WHAT TO PRODUCE: Reproduce the lines below exactly, from the one containing "Fototapeta Decorative reindeer" through the one containing "Nove ovos de", both included. Leave out any pictures.

════

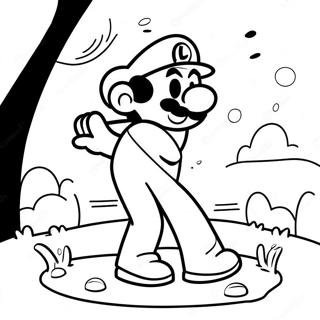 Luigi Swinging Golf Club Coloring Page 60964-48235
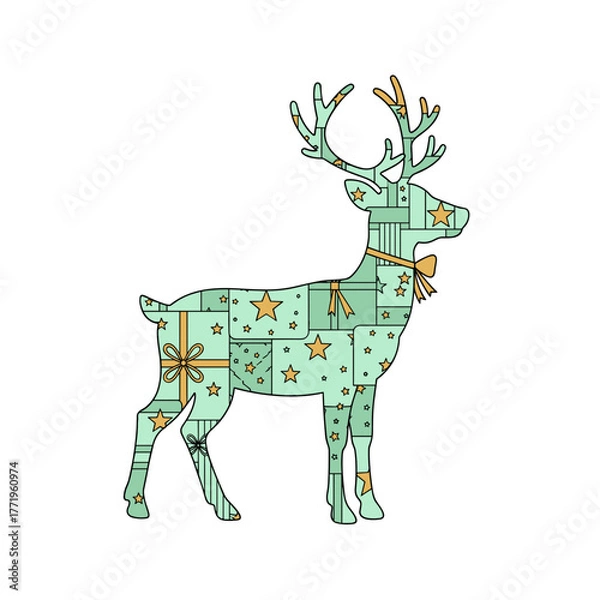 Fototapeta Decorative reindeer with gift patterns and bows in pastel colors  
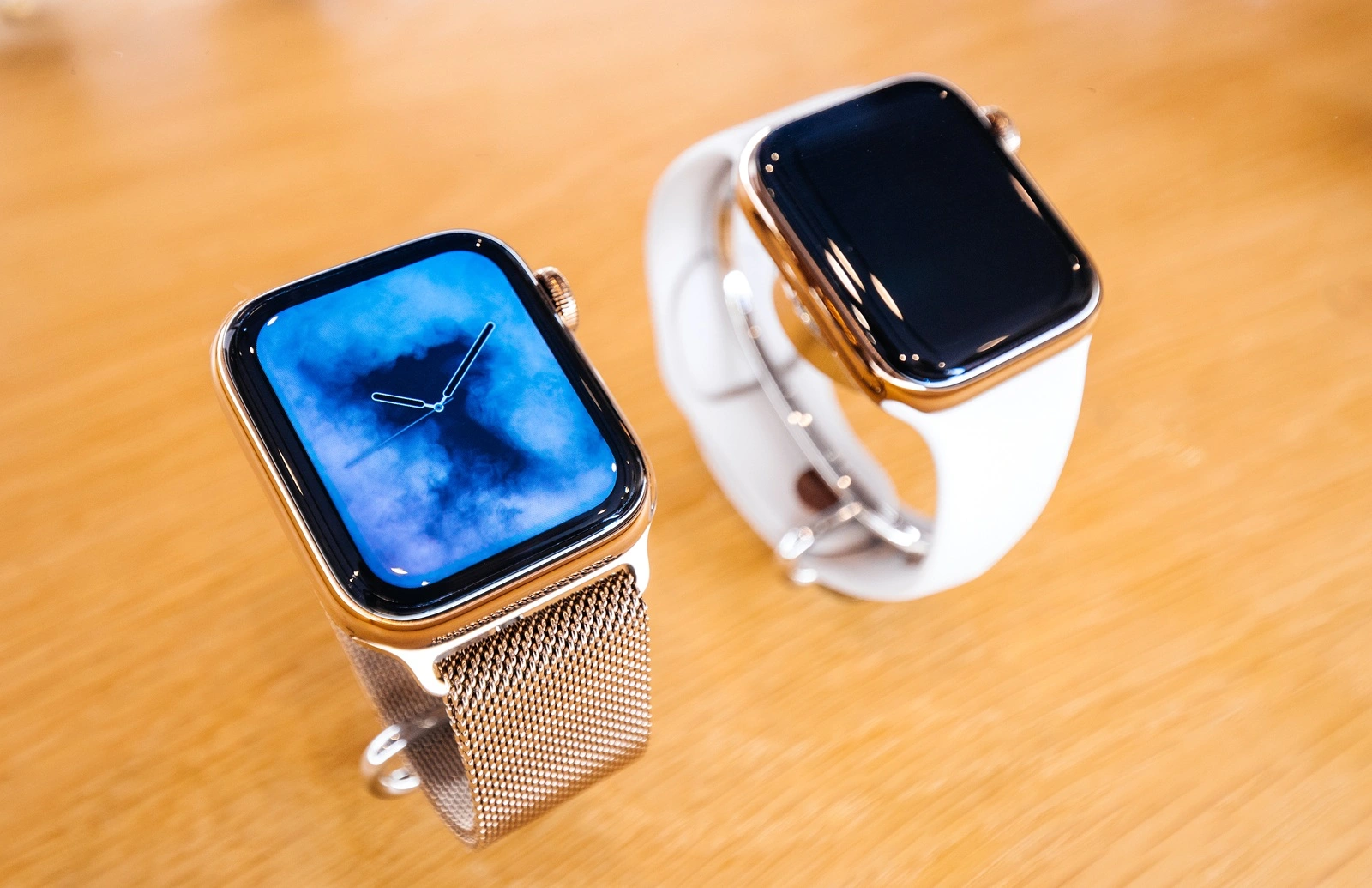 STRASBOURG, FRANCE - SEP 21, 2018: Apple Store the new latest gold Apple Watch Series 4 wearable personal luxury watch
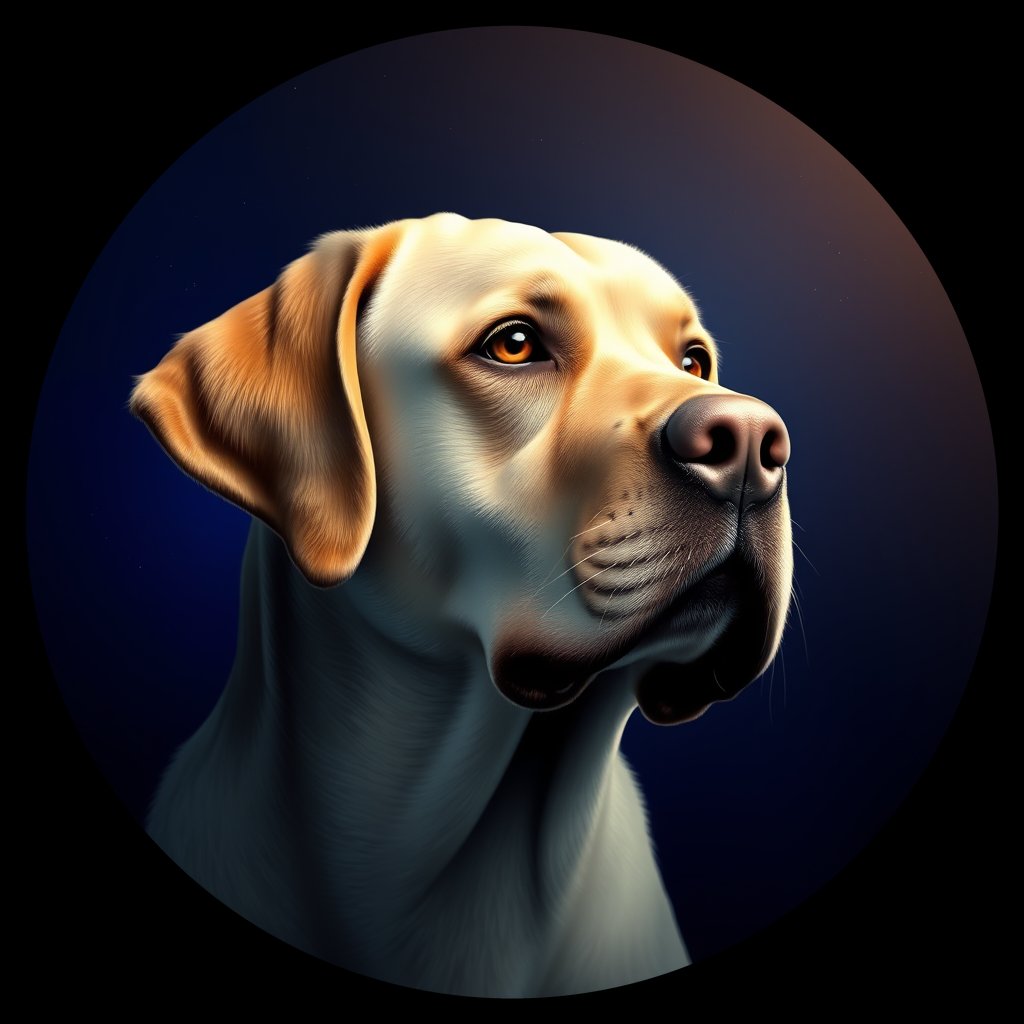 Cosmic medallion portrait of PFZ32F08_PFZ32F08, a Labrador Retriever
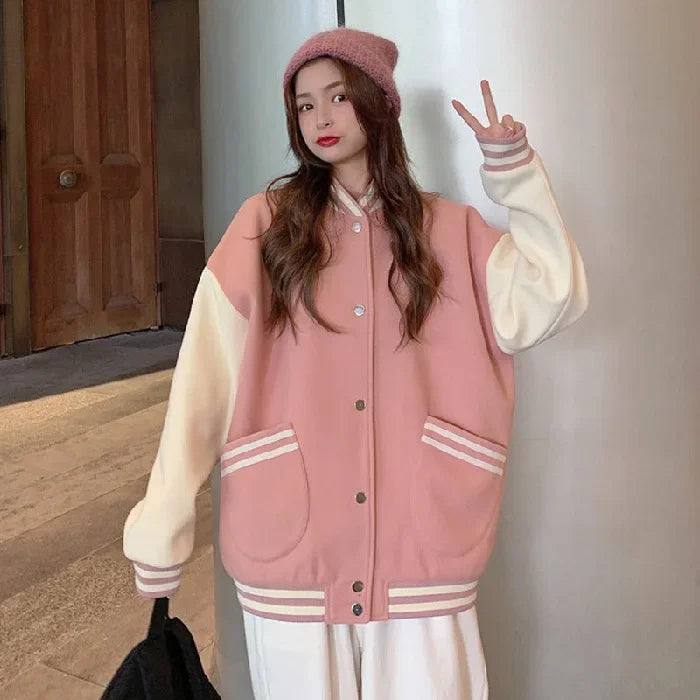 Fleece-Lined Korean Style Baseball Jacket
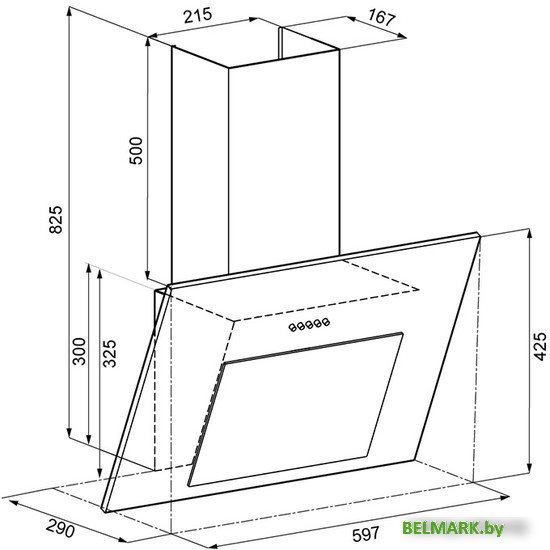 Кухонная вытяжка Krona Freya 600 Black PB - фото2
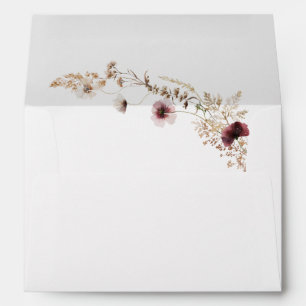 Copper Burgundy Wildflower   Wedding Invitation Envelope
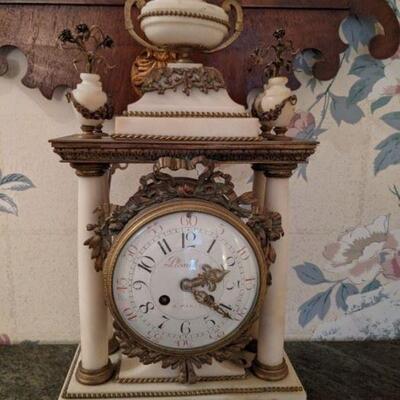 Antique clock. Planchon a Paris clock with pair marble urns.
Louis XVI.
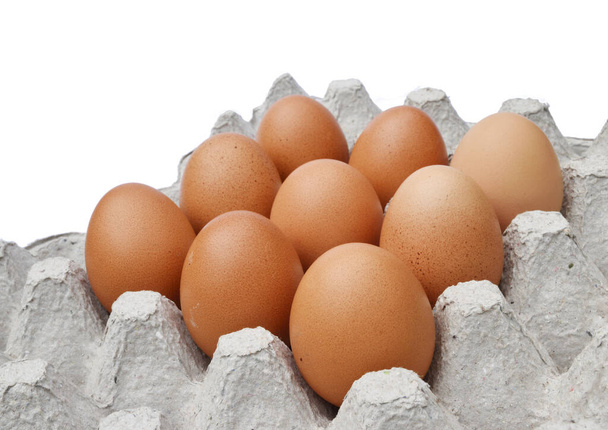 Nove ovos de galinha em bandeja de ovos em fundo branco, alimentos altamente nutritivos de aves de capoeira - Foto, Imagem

════

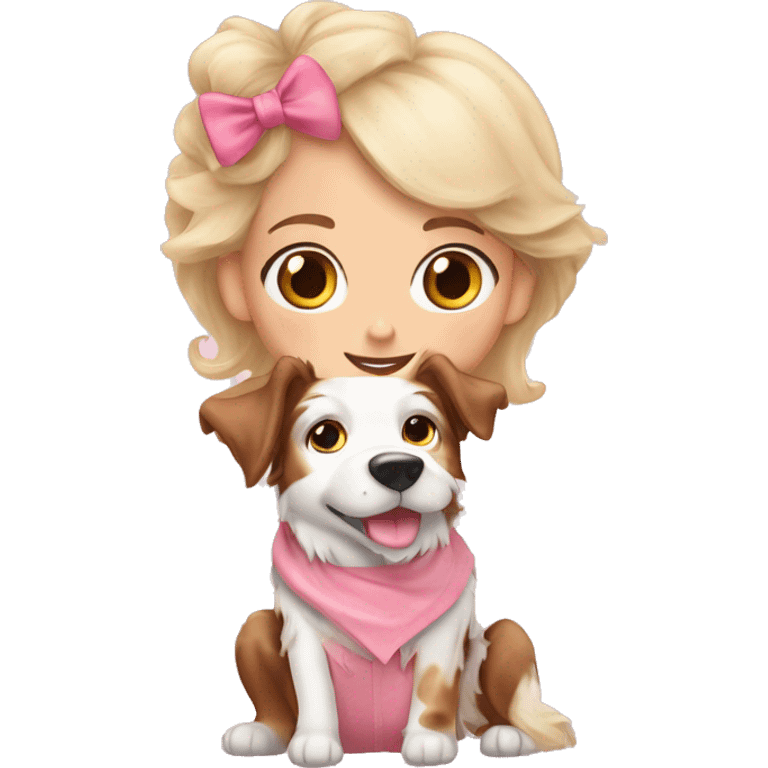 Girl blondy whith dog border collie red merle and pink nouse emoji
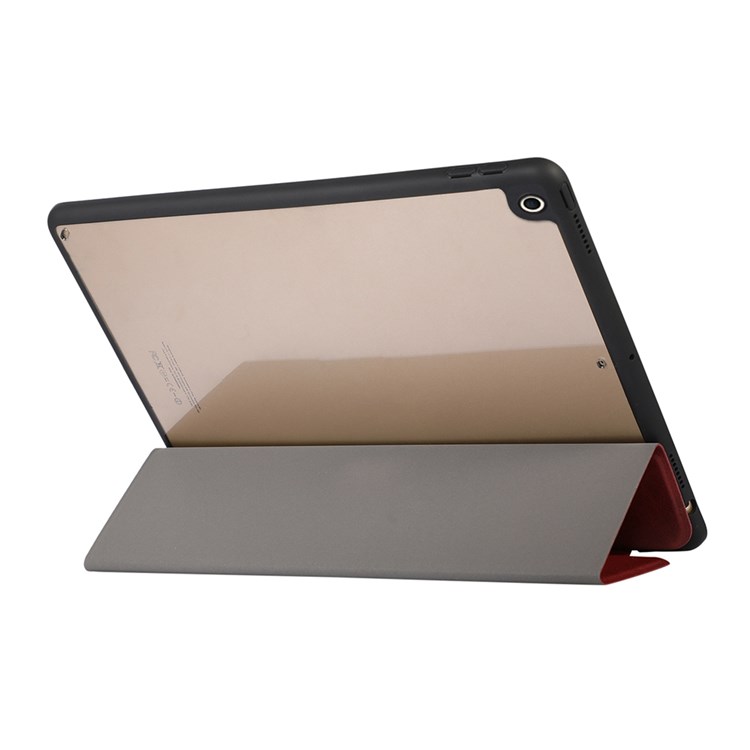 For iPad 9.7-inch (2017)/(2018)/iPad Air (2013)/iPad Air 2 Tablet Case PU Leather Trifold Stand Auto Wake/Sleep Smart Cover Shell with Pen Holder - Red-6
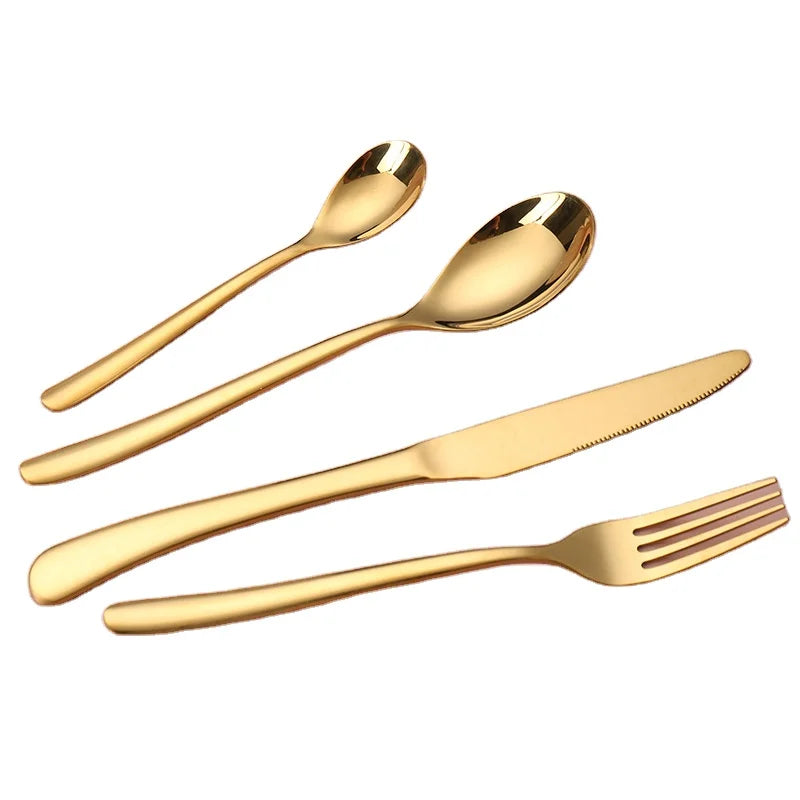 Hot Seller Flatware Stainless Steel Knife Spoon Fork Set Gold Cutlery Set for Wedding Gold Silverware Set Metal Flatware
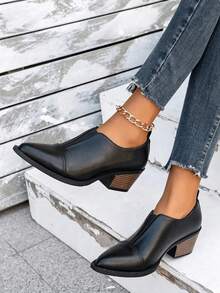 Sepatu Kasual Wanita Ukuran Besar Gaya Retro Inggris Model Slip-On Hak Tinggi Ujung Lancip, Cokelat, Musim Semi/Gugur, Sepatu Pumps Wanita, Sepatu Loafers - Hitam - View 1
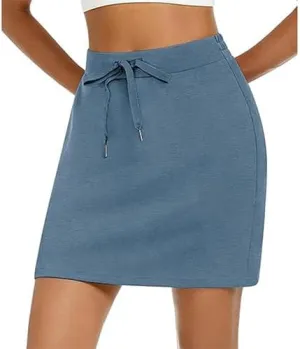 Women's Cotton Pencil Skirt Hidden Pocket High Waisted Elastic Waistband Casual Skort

════

ANSWER BELOW:
 Fototapeta Decorative reindeer with gift patterns and bows in pastel colors  
 STRASBOURG, FRANCE - SEP 21, 2018: Apple Store the new latest gold Apple Watch Series 4 wearable personal luxury watch
 Cosmic medallion portrait of PFZ32F08_PFZ32F08, a Labrador Retriever
 Fleece-Lined Korean Style Baseball Jacket
 Кухонная вытяжка Krona Freya 600 Black PB - фото2
 Copper Burgundy Wildflower   Wedding Invitation Envelope
 Antique clock. Planchon a Paris clock with pair marble urns.
Louis XVI.
 Nove ovos de galinha em bandeja de ovos em fundo branco, alimentos altamente nutritivos de aves de capoeira - Foto, Imagem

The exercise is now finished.